U.S.
Oklahoma Department of Corrections / AP

Judge hears of ‘bloody mess’ execution as Okla. seeks to lift moratorium

State suspended executions after botched lethal injection

A federal judge heard witness testimonies on Wednesday regarding Oklahoma's attempt to resume executing prisoners, nine months after the lethal injection of Clayton Lockett lasted an excruciating 43 minutes, during which an artery burst, causing what one warden described as “a bloody mess.”

Attorneys representing 21 death-row inmates in Oklahoma filed court documents on Friday revealing that Lockett’s death was far more grisly than previously portrayed, according to The Tulsa World newspaper on Sunday.

In court testimony Wednesday, Dr. Joseph Cohen, a pathologist hired by the inmate's lawyer, said he was convinced Lockett suffered after being declared unconcious.

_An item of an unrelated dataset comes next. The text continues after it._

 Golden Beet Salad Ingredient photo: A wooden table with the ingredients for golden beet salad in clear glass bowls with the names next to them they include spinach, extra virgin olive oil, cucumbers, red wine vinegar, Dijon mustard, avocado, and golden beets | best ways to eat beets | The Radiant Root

"Mr. Lockett had been deemed unconscious but became conscious again," Cohen testified at the hearing, which will decide if Oklahoma should resume executions Jan. 15 after a self-imposed moratorium.

The public previously learned that Lockett’s April 29 execution lasted nearly 45 minutes and that his protracted death was only the latest in a string of executions that went awry. Descriptions of his final minutes reignited controversy around the usage of secret, untested drugs.

But according to The Tulsa World, earlier reports left out gruesome details of Lockett’s death that the state’s public safety office tried to keep sealed.

One witness said the execution “was like a horror movie,” the newspaper reported, with a paramedic describing 16 failed attempts to find Lockett’s vein.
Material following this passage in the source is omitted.